Search the entries below for "Leather" and copy each matching line.

################

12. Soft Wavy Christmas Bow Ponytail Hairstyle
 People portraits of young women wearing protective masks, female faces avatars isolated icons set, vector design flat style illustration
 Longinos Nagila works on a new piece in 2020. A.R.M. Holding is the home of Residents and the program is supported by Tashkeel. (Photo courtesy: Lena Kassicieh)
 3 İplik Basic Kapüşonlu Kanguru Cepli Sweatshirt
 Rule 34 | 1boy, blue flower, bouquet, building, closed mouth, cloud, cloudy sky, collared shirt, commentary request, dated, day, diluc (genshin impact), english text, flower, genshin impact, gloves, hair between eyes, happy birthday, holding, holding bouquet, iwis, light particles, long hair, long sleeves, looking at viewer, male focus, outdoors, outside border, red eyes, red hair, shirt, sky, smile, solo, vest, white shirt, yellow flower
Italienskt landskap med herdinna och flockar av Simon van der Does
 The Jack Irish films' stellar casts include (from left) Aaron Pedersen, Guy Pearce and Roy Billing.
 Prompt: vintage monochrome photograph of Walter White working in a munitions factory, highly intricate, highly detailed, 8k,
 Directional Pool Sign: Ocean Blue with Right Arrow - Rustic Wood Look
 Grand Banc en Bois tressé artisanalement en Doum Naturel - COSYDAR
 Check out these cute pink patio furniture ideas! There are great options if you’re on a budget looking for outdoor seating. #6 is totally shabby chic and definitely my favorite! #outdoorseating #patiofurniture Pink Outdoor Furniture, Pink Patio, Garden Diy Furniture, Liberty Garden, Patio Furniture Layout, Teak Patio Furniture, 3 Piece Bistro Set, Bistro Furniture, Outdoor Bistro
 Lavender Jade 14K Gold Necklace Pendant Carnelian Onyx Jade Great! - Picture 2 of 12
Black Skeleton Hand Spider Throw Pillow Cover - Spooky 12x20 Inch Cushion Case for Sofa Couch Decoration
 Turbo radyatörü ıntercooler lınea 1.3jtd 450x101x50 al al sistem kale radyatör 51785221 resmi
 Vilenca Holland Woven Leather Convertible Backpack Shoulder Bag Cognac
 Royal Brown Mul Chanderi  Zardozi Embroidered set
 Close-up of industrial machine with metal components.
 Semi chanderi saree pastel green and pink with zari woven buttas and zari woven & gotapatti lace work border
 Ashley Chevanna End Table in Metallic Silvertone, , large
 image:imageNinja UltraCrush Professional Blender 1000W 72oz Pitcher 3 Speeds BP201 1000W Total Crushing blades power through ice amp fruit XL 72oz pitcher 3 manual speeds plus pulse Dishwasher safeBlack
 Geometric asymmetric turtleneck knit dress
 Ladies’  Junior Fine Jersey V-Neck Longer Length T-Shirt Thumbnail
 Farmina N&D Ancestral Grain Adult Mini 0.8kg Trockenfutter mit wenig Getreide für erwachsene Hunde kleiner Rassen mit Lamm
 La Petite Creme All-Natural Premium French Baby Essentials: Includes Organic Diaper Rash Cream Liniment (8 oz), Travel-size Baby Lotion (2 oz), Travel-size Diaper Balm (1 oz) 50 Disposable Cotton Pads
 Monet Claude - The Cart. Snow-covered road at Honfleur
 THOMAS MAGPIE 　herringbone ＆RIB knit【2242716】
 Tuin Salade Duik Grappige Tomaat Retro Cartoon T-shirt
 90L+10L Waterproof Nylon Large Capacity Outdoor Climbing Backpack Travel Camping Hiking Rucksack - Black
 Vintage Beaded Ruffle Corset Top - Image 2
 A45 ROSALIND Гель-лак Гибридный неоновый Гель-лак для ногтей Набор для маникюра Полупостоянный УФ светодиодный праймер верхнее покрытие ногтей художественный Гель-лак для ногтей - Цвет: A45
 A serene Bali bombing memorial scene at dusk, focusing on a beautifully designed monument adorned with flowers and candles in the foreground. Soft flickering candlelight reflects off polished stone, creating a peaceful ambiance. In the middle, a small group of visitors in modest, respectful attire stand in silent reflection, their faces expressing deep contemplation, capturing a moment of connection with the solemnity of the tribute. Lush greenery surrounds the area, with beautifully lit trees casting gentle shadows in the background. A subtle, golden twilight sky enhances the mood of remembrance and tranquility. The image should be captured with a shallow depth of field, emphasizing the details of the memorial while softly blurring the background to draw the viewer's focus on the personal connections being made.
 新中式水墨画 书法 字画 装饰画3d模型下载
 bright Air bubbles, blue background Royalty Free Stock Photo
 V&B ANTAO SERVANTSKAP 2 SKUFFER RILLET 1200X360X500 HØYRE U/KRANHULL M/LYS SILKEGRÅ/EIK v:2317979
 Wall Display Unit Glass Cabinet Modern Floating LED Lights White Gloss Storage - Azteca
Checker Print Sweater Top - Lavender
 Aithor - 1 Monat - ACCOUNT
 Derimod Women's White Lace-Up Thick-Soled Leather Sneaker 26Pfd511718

################

*TASK RESPONSE*
 Vilenca Holland Woven Leather Convertible Backpack Shoulder Bag Cognac
 Derimod Women's White Lace-Up Thick-Soled Leather Sneaker 26Pfd511718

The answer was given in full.